In this paper, we present a detailed study of the volumetric analysis of glioblastoma multiforme using the GrowCut tool 3D Slicer. Our objective is to evaluate the utility of 3D Slicer in simplifying the time-consuming manual slice-by-slice segmentation while achieving a comparable accuracy. Thus, 4 physicians segmented GBMs in 10 patients, once using the competitive region-growing based GrowCut segmentation module of 3D Slicer and once by drawing boundaries manually on a slice-by-slice basis. The time required for GrowCut vs. manual segmentation were recorded. A comparison was performed of 3D Slicer based segmentation with manual slice-by-slice segmentation using the Dice Similarity Coefficient (DSC) and the Hausdorff Distance (HD)33,34,35.

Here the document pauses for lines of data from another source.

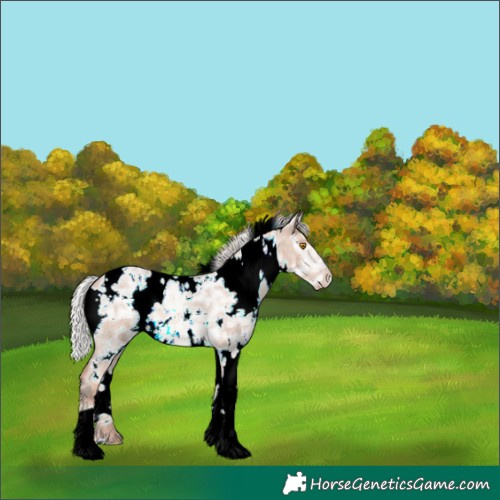 Horse Color:White Spotted Silver Classic Champagne Ice Roan 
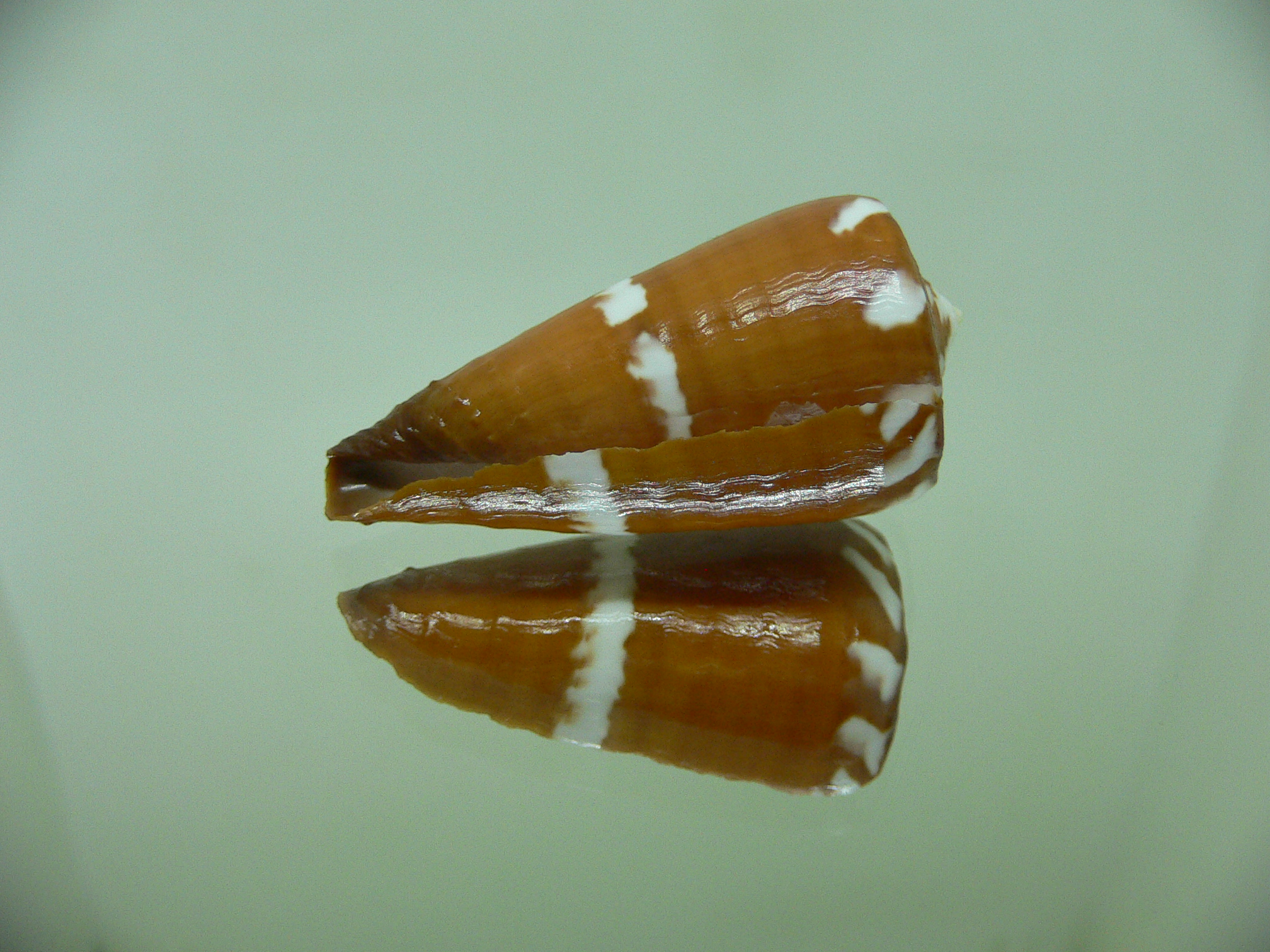 Conus litoglyphus RUSTY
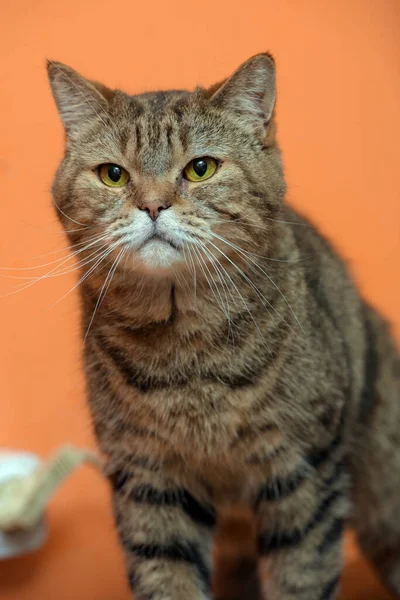 Piękny Kot Szkocki Żółtymi Oczami — Zdjęcie stockowe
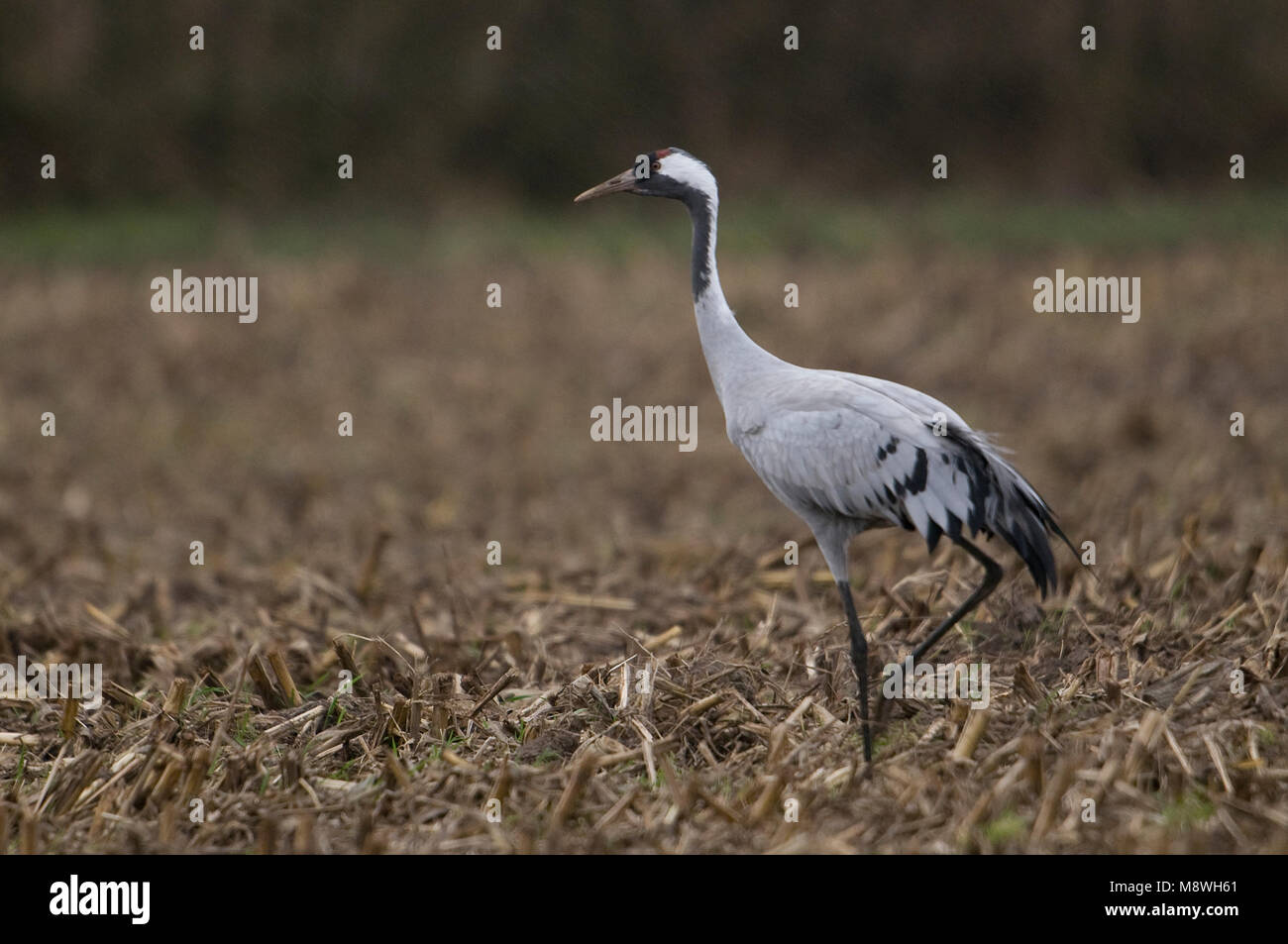 Kraanvogel staand in Veld; Gemeinsame Kran stehen im Feld Stockfoto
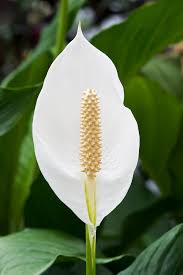 Peace Lilly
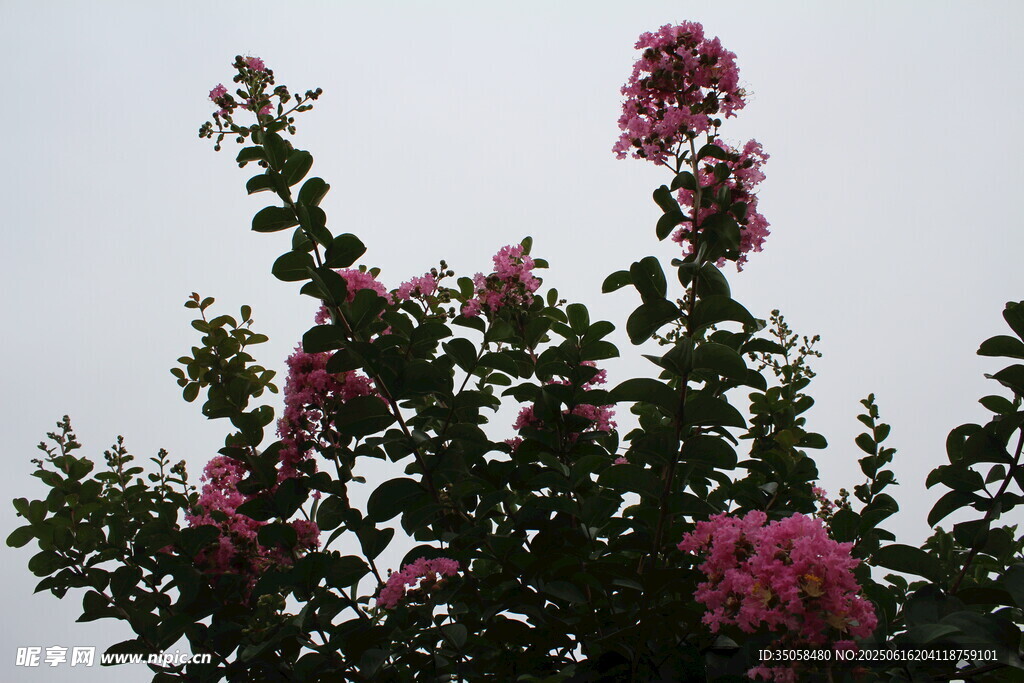 紫薇花  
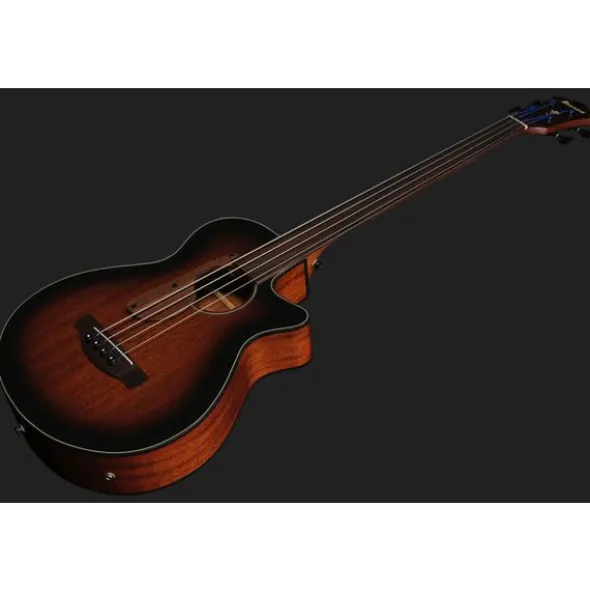 Ibanez AEGB24FE-MHS Fretless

Methods that use all slices to calculate the tumor boundaries have more information available to make accurate predictions of tumor volume. Simpler methods such as geometric models provide only a rough estimate of the tumor volume and may not be indicated for accurate determination of tumor burden. Geometric approximations use one or several user-defined diameters to estimate the tumor volume36,37,38. The Macdonald criteria39 for measuring brain tumors adopts uniform, rigorous response criteria similar to those in general oncology where response is defined as a ≥50% reduction in tumor size and the usual measure of "size" is the largest cross-sectional area (the largest cross-sectional diameter multiplied by the largest diameter perpendicular to it). Accurate and repeatable methods to calculate tumor volume are therefore an important aspect of clinical care.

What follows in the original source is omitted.